Homework 5

Due Friday March 7 at 5:00pm

Exercise 1

You’ve been hired as a columnist to write for the statistics/mathematics section of an online magazine. Your editor knows you are enrolled in STA602 and has asked you to write about the Metropolis algorithm for the magazine. Specifically, your editor tells you that your article should answer the following:

  1. What is the Metropolis algorithm? What is the history of the algorithm?

  2. What can the Metropolis algorithm be used for?

  3. What is a proposal distribution?

  4. What’s the intuition behind why the algorithm works?

Additionally, the editor adds: your article needs to be strictly under 500 words (the shorter the better). Furthermore, your target audience has limited statistical background. For this reason, you should define all statistical terminology when you use it, in your own words.

Exercise 2

Younger male sparrows may or may not nest during a mating season, perhaps depending on their physical characteristics. Researchers have recorded the nesting success of 43 young male sparrows of the same age, as well as their wingspan. Run the code below to load the data:

yXsparrow = readr::read_csv("https://sta602-sp25.github.io/data/yXsparrow.csv")

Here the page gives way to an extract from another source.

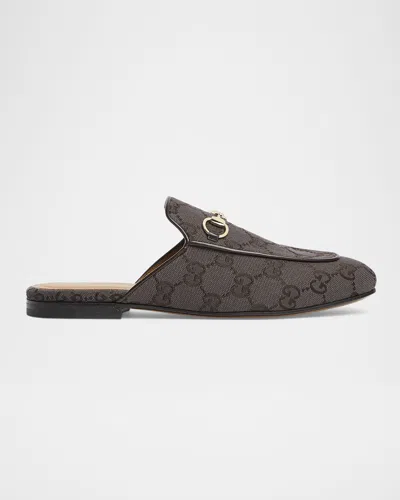 Gucci Princetown Gg Canvas Bit Loafer Mules In Brown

Let \(Y_i\) be the binary indicator that sparrow \(i\) successfully nests, and let \(x_i\) denote their wingspan. Our model for \(Y_i\) is logit \(Pr(Y_i = 1 | \alpha, \beta, x_i) = \alpha + \beta x_i\), where the logit function is given by logit \(\theta = \log \left[\frac{\theta}{(1 - \theta)} \right]\).

  1. Write down the likelihood,

\[ \prod_{i=1}^n p(y_i | \alpha, \beta, x_i) \] and simplify as much as possible.

  1. Formulate a prior probability distribution over \(\alpha\) and \(\beta\) by considering the range of \(Pr(Y = 1 | \alpha, \beta, x)\) as \(x\) ranges over 10 to 15, the approximate range of observed wingspans.

  2. Implement a Metropolis algorithm that approximates \(p(\alpha, \beta | \mathbf{y}, \mathbf{x})\). \(\mathbf{y} = y_1, \ldots, y_n\) and \(\mathbf{x} = x_1, \ldots x_n\). Adjust the proposal distribution to achieve a reasonable acceptance rate, and run the algorithm long enough so that the effective sample size is at least 100 for each parameter.

  3. Report trace plots for \(\alpha\) and \(\beta\). Additionally, compare the posterior densities of \(\alpha\) and \(\beta\) to their prior densities.

  4. Using the output of the Metropolis algorithm, come up with a way to make a confidence band for the following function \(f_{\alpha, \beta}(x)\) of wingspan:

\[ f_{\alpha, \beta}(x) = \frac{e^{\alpha + \beta x}}{1 + e^{\alpha + \beta x}} \]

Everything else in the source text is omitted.